◆ **Supplied material**
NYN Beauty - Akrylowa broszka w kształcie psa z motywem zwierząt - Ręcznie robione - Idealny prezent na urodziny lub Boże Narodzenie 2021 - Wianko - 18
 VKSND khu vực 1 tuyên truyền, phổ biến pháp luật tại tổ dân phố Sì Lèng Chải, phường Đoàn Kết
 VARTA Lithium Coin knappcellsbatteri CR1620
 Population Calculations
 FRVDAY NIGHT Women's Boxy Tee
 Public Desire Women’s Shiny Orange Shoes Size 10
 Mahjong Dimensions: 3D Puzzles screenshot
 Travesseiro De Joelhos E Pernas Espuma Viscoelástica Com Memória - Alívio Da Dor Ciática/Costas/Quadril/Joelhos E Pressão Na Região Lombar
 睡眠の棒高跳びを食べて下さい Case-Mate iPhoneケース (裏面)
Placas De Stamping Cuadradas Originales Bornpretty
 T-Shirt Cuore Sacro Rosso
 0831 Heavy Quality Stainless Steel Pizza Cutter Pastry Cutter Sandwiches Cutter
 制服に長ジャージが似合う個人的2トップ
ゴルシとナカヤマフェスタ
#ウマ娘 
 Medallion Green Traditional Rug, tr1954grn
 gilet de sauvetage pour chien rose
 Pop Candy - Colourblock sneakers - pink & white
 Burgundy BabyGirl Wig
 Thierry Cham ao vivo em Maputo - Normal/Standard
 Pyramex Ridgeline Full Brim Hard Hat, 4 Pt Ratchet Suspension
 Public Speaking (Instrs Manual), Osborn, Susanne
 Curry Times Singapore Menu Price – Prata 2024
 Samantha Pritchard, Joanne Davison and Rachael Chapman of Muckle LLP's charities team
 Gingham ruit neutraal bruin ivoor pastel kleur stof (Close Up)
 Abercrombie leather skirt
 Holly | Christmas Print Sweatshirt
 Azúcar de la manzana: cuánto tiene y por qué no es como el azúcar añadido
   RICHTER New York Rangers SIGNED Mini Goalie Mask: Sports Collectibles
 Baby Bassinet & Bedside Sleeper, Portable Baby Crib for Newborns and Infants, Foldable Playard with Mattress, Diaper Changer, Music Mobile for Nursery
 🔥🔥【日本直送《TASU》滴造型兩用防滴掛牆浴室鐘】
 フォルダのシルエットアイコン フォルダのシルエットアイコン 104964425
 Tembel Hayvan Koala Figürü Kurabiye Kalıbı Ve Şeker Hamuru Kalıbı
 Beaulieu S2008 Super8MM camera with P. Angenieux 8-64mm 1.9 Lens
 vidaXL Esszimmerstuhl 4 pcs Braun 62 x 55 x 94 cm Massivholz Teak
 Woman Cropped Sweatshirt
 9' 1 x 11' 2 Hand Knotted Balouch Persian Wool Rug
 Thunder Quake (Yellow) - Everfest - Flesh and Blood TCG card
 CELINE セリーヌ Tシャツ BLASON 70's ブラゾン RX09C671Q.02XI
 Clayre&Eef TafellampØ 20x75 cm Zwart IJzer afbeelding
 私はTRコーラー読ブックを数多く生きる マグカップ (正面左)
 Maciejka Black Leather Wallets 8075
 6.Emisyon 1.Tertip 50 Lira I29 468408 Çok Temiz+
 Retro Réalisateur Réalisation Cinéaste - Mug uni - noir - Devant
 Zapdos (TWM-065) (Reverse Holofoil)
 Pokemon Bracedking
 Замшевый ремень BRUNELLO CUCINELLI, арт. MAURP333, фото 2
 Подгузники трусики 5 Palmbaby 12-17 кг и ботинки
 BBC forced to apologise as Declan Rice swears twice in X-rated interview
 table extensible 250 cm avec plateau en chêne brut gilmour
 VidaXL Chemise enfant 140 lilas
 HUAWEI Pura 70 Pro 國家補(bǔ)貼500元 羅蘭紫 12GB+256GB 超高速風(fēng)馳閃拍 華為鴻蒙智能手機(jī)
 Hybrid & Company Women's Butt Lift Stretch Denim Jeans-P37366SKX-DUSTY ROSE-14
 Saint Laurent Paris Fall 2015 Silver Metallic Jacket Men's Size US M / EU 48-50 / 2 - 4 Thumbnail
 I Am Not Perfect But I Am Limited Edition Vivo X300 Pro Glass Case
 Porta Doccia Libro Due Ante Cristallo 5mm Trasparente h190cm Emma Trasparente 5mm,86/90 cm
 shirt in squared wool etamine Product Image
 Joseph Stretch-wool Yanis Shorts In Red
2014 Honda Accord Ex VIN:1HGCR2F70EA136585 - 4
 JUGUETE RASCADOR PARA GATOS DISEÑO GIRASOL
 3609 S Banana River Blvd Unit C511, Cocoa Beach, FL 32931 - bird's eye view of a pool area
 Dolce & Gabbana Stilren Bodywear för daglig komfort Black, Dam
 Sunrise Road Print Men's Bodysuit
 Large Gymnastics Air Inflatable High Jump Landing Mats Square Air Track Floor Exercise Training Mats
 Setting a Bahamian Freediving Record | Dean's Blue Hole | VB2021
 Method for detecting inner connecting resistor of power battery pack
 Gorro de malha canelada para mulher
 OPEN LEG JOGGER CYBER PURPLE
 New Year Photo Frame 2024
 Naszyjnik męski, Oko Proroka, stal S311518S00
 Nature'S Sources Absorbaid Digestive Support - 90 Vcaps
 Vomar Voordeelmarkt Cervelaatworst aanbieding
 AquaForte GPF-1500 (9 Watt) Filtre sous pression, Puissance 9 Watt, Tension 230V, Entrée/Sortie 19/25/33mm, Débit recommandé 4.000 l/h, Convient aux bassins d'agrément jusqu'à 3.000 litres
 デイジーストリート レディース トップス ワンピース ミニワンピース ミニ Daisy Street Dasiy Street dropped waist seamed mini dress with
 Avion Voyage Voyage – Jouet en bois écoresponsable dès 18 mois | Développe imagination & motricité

◆ **What needs to be done**
Above are the records; retype every one exactly.

◆ **Solved exercise**
NYN Beauty - Akrylowa broszka w kształcie psa z motywem zwierząt - Ręcznie robione - Idealny prezent na urodziny lub Boże Narodzenie 2021 - Wianko - 18
 VKSND khu vực 1 tuyên truyền, phổ biến pháp luật tại tổ dân phố Sì Lèng Chải, phường Đoàn Kết
 VARTA Lithium Coin knappcellsbatteri CR1620
 Population Calculations
 FRVDAY NIGHT Women's Boxy Tee
 Public Desire Women’s Shiny Orange Shoes Size 10
 Mahjong Dimensions: 3D Puzzles screenshot
 Travesseiro De Joelhos E Pernas Espuma Viscoelástica Com Memória - Alívio Da Dor Ciática/Costas/Quadril/Joelhos E Pressão Na Região Lombar
 睡眠の棒高跳びを食べて下さい Case-Mate iPhoneケース (裏面)
Placas De Stamping Cuadradas Originales Bornpretty
 T-Shirt Cuore Sacro Rosso
 0831 Heavy Quality Stainless Steel Pizza Cutter Pastry Cutter Sandwiches Cutter
 制服に長ジャージが似合う個人的2トップ
ゴルシとナカヤマフェスタ
#ウマ娘 
 Medallion Green Traditional Rug, tr1954grn
 gilet de sauvetage pour chien rose
 Pop Candy - Colourblock sneakers - pink & white
 Burgundy BabyGirl Wig
 Thierry Cham ao vivo em Maputo - Normal/Standard
 Pyramex Ridgeline Full Brim Hard Hat, 4 Pt Ratchet Suspension
 Public Speaking (Instrs Manual), Osborn, Susanne
 Curry Times Singapore Menu Price – Prata 2024
 Samantha Pritchard, Joanne Davison and Rachael Chapman of Muckle LLP's charities team
 Gingham ruit neutraal bruin ivoor pastel kleur stof (Close Up)
 Abercrombie leather skirt
 Holly | Christmas Print Sweatshirt
 Azúcar de la manzana: cuánto tiene y por qué no es como el azúcar añadido
   RICHTER New York Rangers SIGNED Mini Goalie Mask: Sports Collectibles
 Baby Bassinet & Bedside Sleeper, Portable Baby Crib for Newborns and Infants, Foldable Playard with Mattress, Diaper Changer, Music Mobile for Nursery
 🔥🔥【日本直送《TASU》滴造型兩用防滴掛牆浴室鐘】
 フォルダのシルエットアイコン フォルダのシルエットアイコン 104964425
 Tembel Hayvan Koala Figürü Kurabiye Kalıbı Ve Şeker Hamuru Kalıbı
 Beaulieu S2008 Super8MM camera with P. Angenieux 8-64mm 1.9 Lens
 vidaXL Esszimmerstuhl 4 pcs Braun 62 x 55 x 94 cm Massivholz Teak
 Woman Cropped Sweatshirt
 9' 1 x 11' 2 Hand Knotted Balouch Persian Wool Rug
 Thunder Quake (Yellow) - Everfest - Flesh and Blood TCG card
 CELINE セリーヌ Tシャツ BLASON 70's ブラゾン RX09C671Q.02XI
 Clayre&Eef TafellampØ 20x75 cm Zwart IJzer afbeelding
 私はTRコーラー読ブックを数多く生きる マグカップ (正面左)
 Maciejka Black Leather Wallets 8075
 6.Emisyon 1.Tertip 50 Lira I29 468408 Çok Temiz+
 Retro Réalisateur Réalisation Cinéaste - Mug uni - noir - Devant
 Zapdos (TWM-065) (Reverse Holofoil)
 Pokemon Bracedking
 Замшевый ремень BRUNELLO CUCINELLI, арт. MAURP333, фото 2
 Подгузники трусики 5 Palmbaby 12-17 кг и ботинки
 BBC forced to apologise as Declan Rice swears twice in X-rated interview
 table extensible 250 cm avec plateau en chêne brut gilmour
 VidaXL Chemise enfant 140 lilas
 HUAWEI Pura 70 Pro 國家補(bǔ)貼500元 羅蘭紫 12GB+256GB 超高速風(fēng)馳閃拍 華為鴻蒙智能手機(jī)
 Hybrid & Company Women's Butt Lift Stretch Denim Jeans-P37366SKX-DUSTY ROSE-14
 Saint Laurent Paris Fall 2015 Silver Metallic Jacket Men's Size US M / EU 48-50 / 2 - 4 Thumbnail
 I Am Not Perfect But I Am Limited Edition Vivo X300 Pro Glass Case
 Porta Doccia Libro Due Ante Cristallo 5mm Trasparente h190cm Emma Trasparente 5mm,86/90 cm
 shirt in squared wool etamine Product Image
 Joseph Stretch-wool Yanis Shorts In Red
2014 Honda Accord Ex VIN:1HGCR2F70EA136585 - 4
 JUGUETE RASCADOR PARA GATOS DISEÑO GIRASOL
 3609 S Banana River Blvd Unit C511, Cocoa Beach, FL 32931 - bird's eye view of a pool area
 Dolce & Gabbana Stilren Bodywear för daglig komfort Black, Dam
 Sunrise Road Print Men's Bodysuit
 Large Gymnastics Air Inflatable High Jump Landing Mats Square Air Track Floor Exercise Training Mats
 Setting a Bahamian Freediving Record | Dean's Blue Hole | VB2021
 Method for detecting inner connecting resistor of power battery pack
 Gorro de malha canelada para mulher
 OPEN LEG JOGGER CYBER PURPLE
 New Year Photo Frame 2024
 Naszyjnik męski, Oko Proroka, stal S311518S00
 Nature'S Sources Absorbaid Digestive Support - 90 Vcaps
 Vomar Voordeelmarkt Cervelaatworst aanbieding
 AquaForte GPF-1500 (9 Watt) Filtre sous pression, Puissance 9 Watt, Tension 230V, Entrée/Sortie 19/25/33mm, Débit recommandé 4.000 l/h, Convient aux bassins d'agrément jusqu'à 3.000 litres
 デイジーストリート レディース トップス ワンピース ミニワンピース ミニ Daisy Street Dasiy Street dropped waist seamed mini dress with
 Avion Voyage Voyage – Jouet en bois écoresponsable dès 18 mois | Développe imagination & motricité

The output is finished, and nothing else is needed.